かかる構成では、ユーザから音声入力された発話語の認識に際し、唇の動きを解析してユーザの発話語を解析する所謂リップリーディングによる画像認識が併用される。例えば、認識対象となる発話語の正確な認識率が、音声認識による方が高い発話語、リップリーディングによる画像認識による方が高い発話語、音声認識及び画像認識の双方によるマッチングによるのが良い発話語等、発話語の種類等によって認識方法を予めデータベース化しておき、それにより判定するようにすることができる。
【００３７】
このように画像認識を併用することで、ユーザの発話語以外のノイズを除去して音声認識することができ、認識手段による発話語の認識率が向上する。それにより、ユーザの発話に対する装置側の錯誤が防止又は抑制することができ、ユーザとの間で自然な対話を実現することができる。

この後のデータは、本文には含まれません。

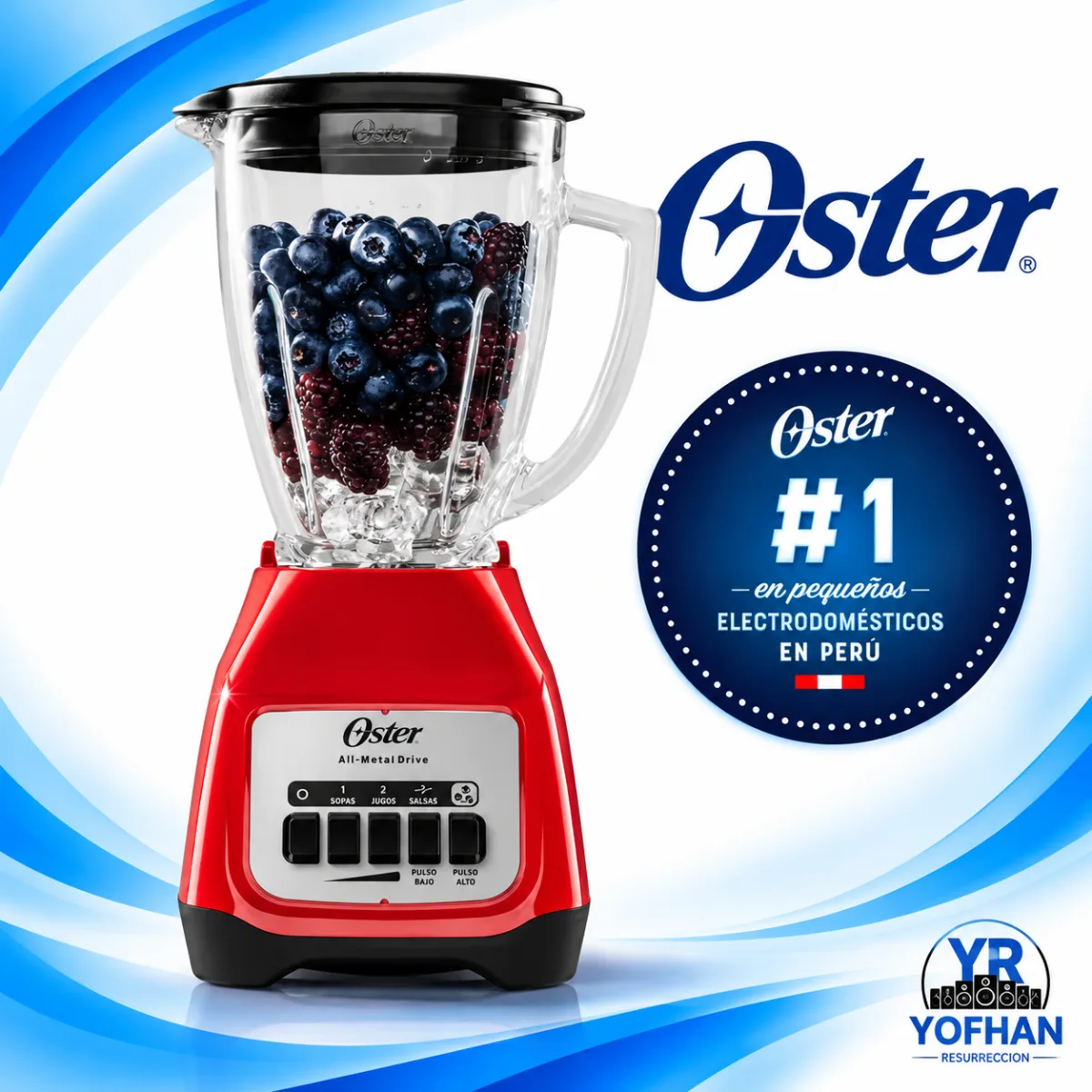 Licuadora Oster 1.5L  Rojo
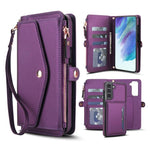 Portafoglio multifunzionale con custodia per telefono in pelle rimovibile e cordino., For Samsung Galaxy S22 5G, For Samsung Galaxy S21 FE 5G, For Samsung Galaxy S21 5G, For Samsung Galaxy S21+ 5G
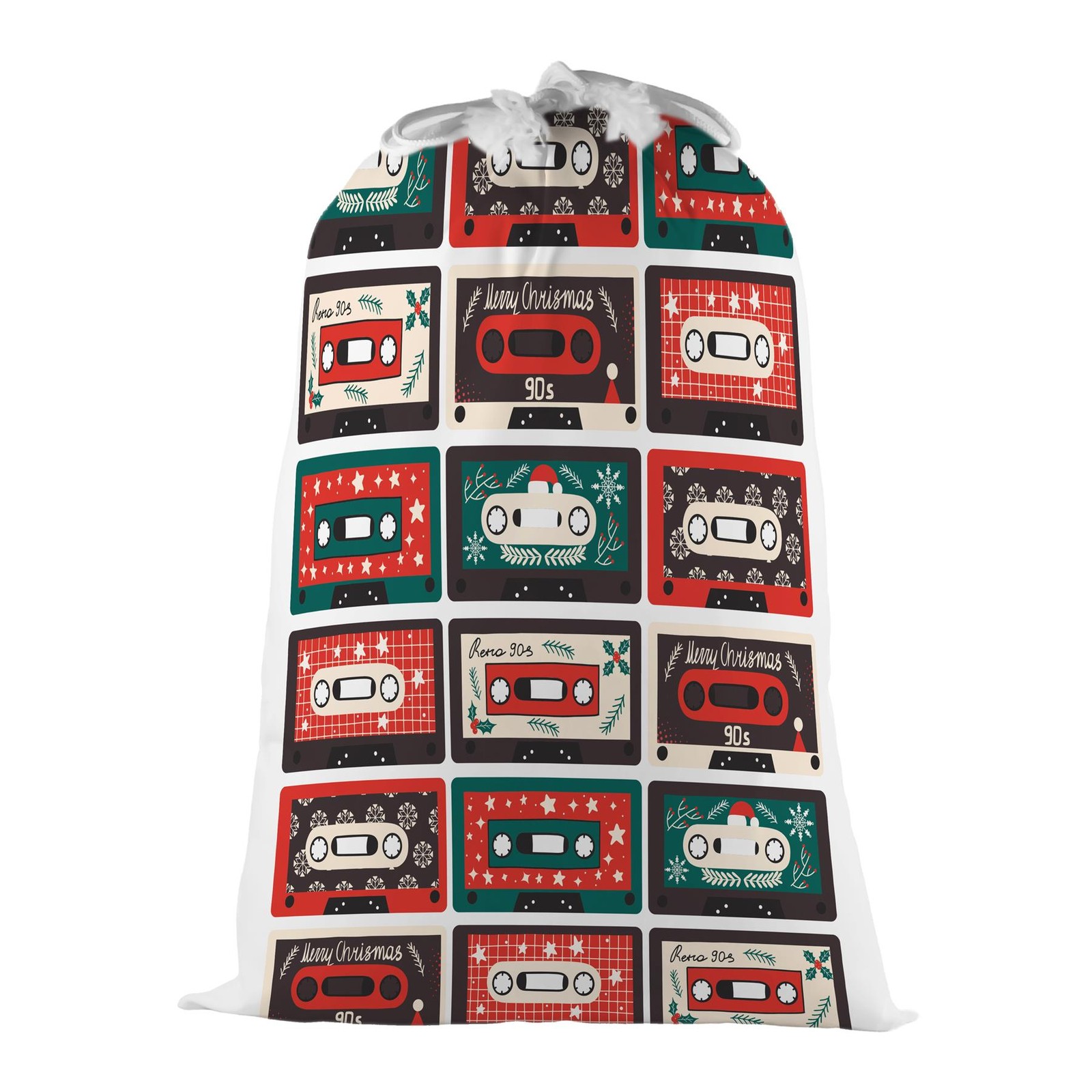 Purely Home Music Cassette Tapes Christmas Present Bag - Xmas Santa Sack Gift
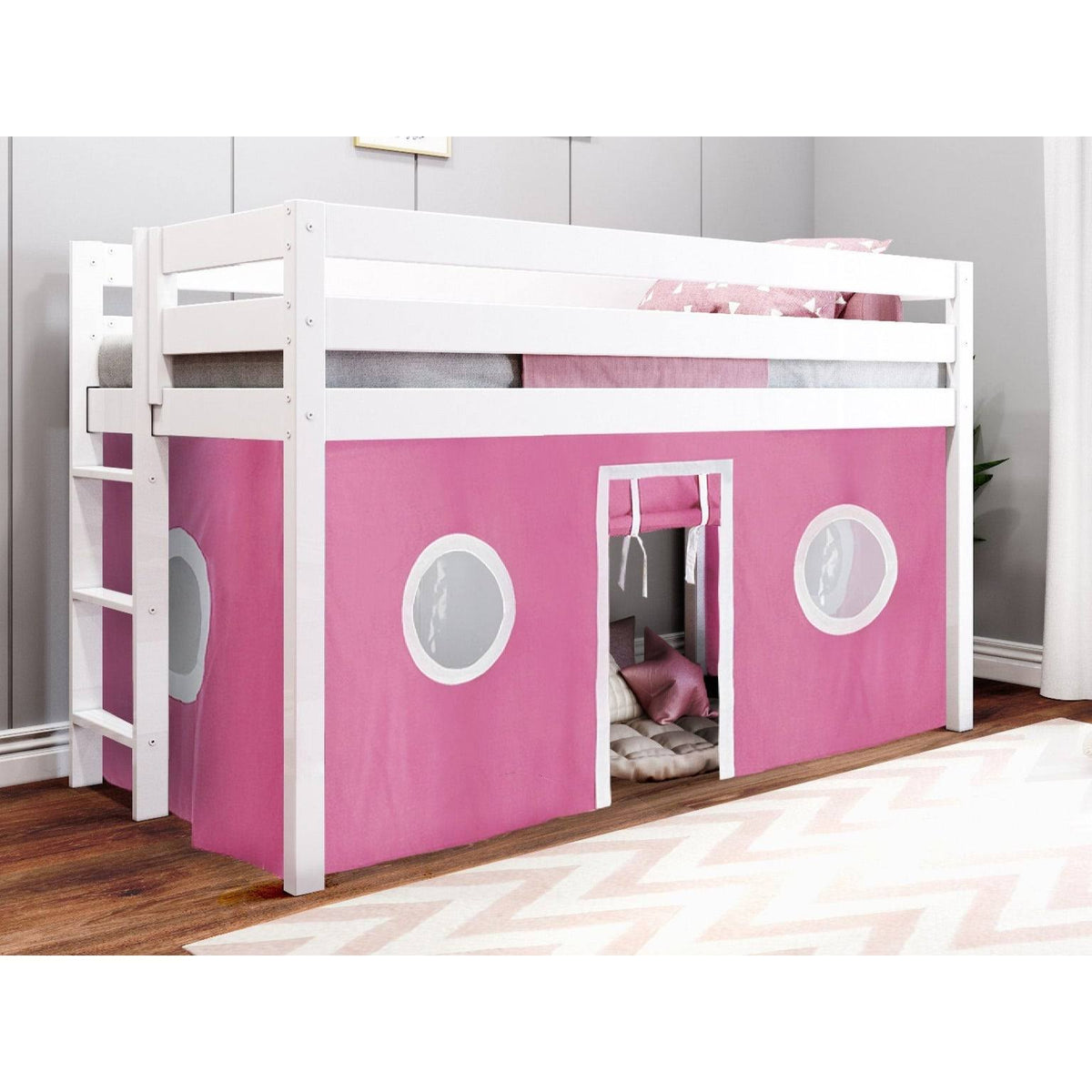 Contemporary Low Loft Twin Bed with End Ladder, White with Pink & White Tent S38302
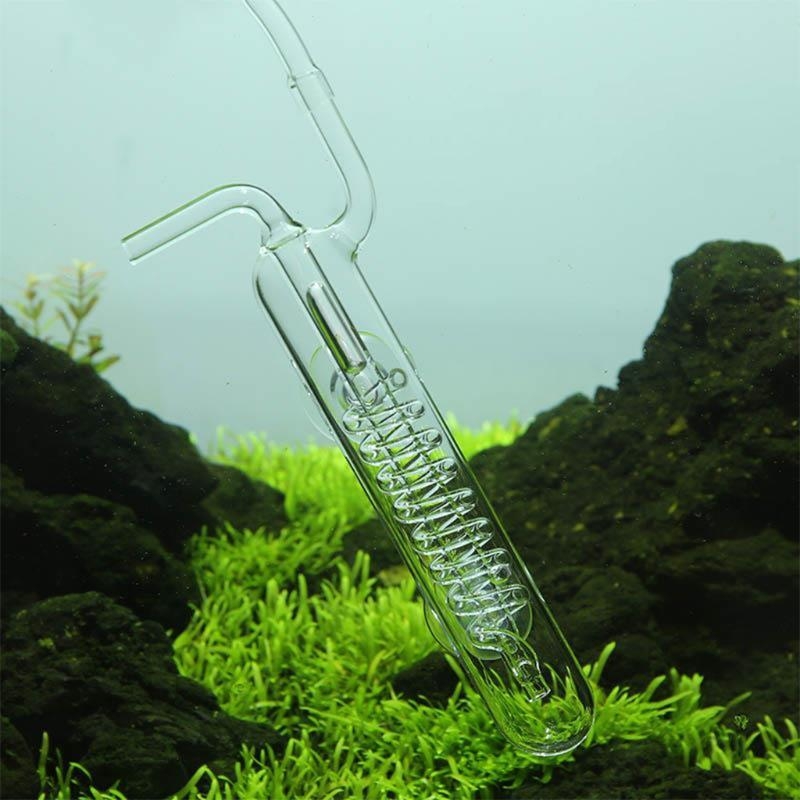 Co2 Diffuser Planted - Y3NA CO2 ディフューザースパイラル水族館用バブルカウンター水槽用に植えられた高透明ガラス水族館供給アクセサリー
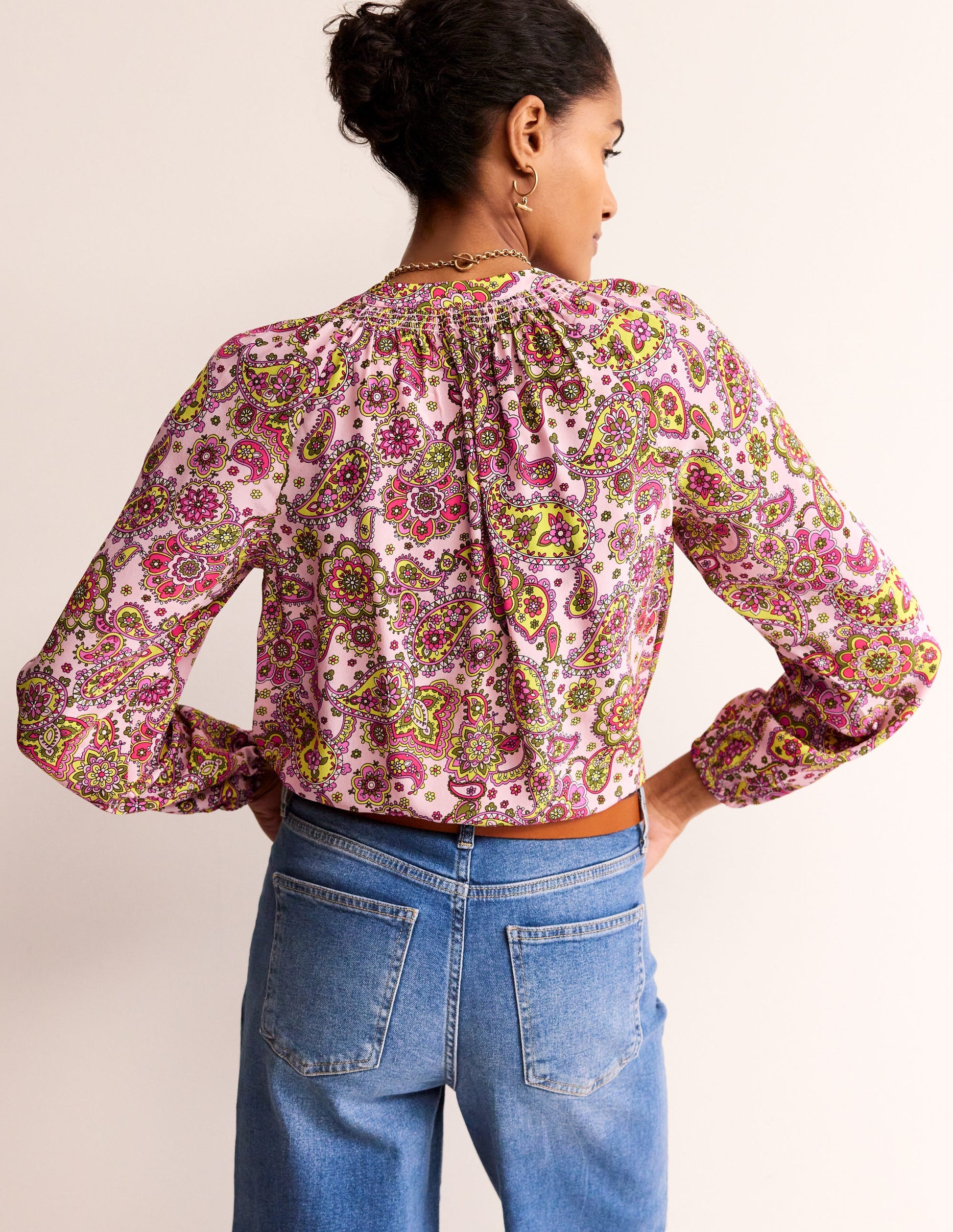 Grace Silk Top-Milkshake, Paisley Field-3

その結果、ユーザとの間で知的な対話を進めることができる。
【００３８】
尚、以上に述べた音声対話装置は、請求項１６に記載のように、ユーザと対話するロボットとして構成することができる。
つまり、音声対話装置を人間の姿態に近似したロボットとして構成することにより、人間間の対話を擬似することができ、ユーザにとってより自然な対話を実現することができる。
【００３９】
この場合、請求項１７に記載のように、これをユーザの顔画像を撮像する目を備えたロボットとして構成し、画像認識手段が、この目により撮像された顔画像から、ユーザがロボットの正面を向いているか否かを判定し、認識手段が、画像認識手段によりユーザがロボットの正面を向いていると判定された場合にのみ、音声認識を行うようにすることが考えられる。
【００４０】
このように、ロボットにユーザの顔が正面を向いているときの音声のみを認識するようにさせることで、ノイズ対策が行え、認識率の向上につながる。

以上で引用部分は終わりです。